Most movie theaters from 1928 are gone — demolished for parking lots, converted to retail, or simply left to deteriorate until demolition became inevitable. The La Paloma Theatre in Encinitas is still standing, still showing films, and still hosting the Rocky Horror Picture Show on weekend nights when audiences dress up and shout at the screen. It opened on February 11, 1928, with the film 'The Cohens and Kelleys in Paris,' and Mary Pickford — one of the most famous actresses in the world at that moment — was in the audience. Nearly a century later, the theater is still the La Paloma, which is Spanish for 'the dove.'
Frank E. Brown commissioned the theater and Edward J. Baum designed it in the Spanish Colonial Revival style that was fashionable for California public buildings in the 1920s. The architectural vocabulary — arched openings, tile roofs, stucco walls, ornamental ironwork — referenced California's Spanish and Mexican past while providing a formal grandeur that distinguished a theater from an ordinary commercial building. Baum's design for La Paloma placed it within a local tradition of civic architecture that took seriously the idea that public entertainment deserved beautiful settings.

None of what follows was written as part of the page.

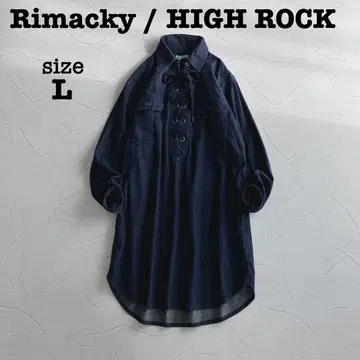 새상품급 Rimacky 하이락 코지마 청바지 데님 셔츠 일본제 L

The floor tiles, made by Claycraft Potteries, add a detail worth noticing: Claycraft was a Los Angeles manufacturer whose tiles appear in many significant California buildings from the early twentieth century, their handmade quality giving the theater's floors a warmth and irregularity that machine-made materials cannot replicate.
Mary Pickford's presence at opening night was not accidental or routine. Pickford was a superstar of the silent film era — co-founder of United Artists, one of the founding members of the Academy of Motion Picture Arts and Sciences, a woman whose face was recognized across the world. Charlie Chaplin also performed at La Paloma in its early years. For a small coastal town that had only recently connected to the broader California economy via the railroad, attracting this level of attention reflected genuine civic ambition.
The La Paloma opened at precisely the moment when motion picture technology was undergoing its most dramatic transformation. Sound film — 'talkies' — had been commercially introduced in 1927 with 'The Jazz Singer,' and the industry was scrambling to retrofit theaters with sound equipment and audiences were scrambling to understand what this new medium would become. La Paloma was among the first theaters in the region to show sound films, positioning it at the cutting edge of the medium during one of the most exciting periods in cinema history.
For most of the twentieth century, the theater operated as a single-screen venue showing first-run and revival films, the kind of neighborhood movie house that was once the primary entertainment infrastructure of American communities. The transition to multiplex theaters, which offered more screens and more showtimes in suburban shopping centers, squeezed single-screen venues out of the mainstream exhibition market. Many closed. La Paloma found other ways to remain relevant.
The La Paloma's most reliable ongoing program is the Rocky Horror Picture Show, screened on weekend nights by a group called Crazed Imaginations. Rocky Horror — the 1975 cult horror-comedy musical — has been shown continuously at various theaters around the world since 1975, making it the longest-running theatrical release in cinema history. Audiences participate actively, shouting responses to the dialogue, throwing props at the screen, and dressing as characters from the film. The experience is communal, irreverent, and genuinely participatory in a way that distinguishes it from conventional moviegoing.
The theater underwent restoration in 2016, work that refreshed the physical fabric of the building while preserving its historic character. The restoration effort reflected the community's recognition that La Paloma is not just a business but an institution — one of the last single-screen movie theaters on the California coast still operating in its original form, in a building that predates the sound era, in a room where Mary Pickford once sat and watched a film.
South Coast Highway 101, where La Paloma sits, has become one of the more deliberately preserved commercial streets in North County San Diego — a corridor where the city of Encinitas has chosen to favor independent businesses and historic structures over the chain development that characterizes most California arterials. The theater anchors this stretch of the highway as both a working venue and an artifact, evidence that some things from 1928 are still worth keeping.
La Paloma Theatre is located at 33.05°N, 117.29°W on South Coast Highway 101 in Old Encinitas. From altitude heading south along the California coast, Encinitas is visible as a beach community between Carlsbad and Cardiff-by-the-Sea. The theater itself is too small to identify from cruising altitude, but the characteristic coastal grid of Old Encinitas along Highway 101 is discernible in clear weather. Nearest airports: KCRQ (McClellan-Palomar, Carlsbad, 5 miles north) and KMYF (Montgomery-Gibbs Executive, 18 miles southeast). Best viewed at 2,000–4,000 feet MSL on coastal approach.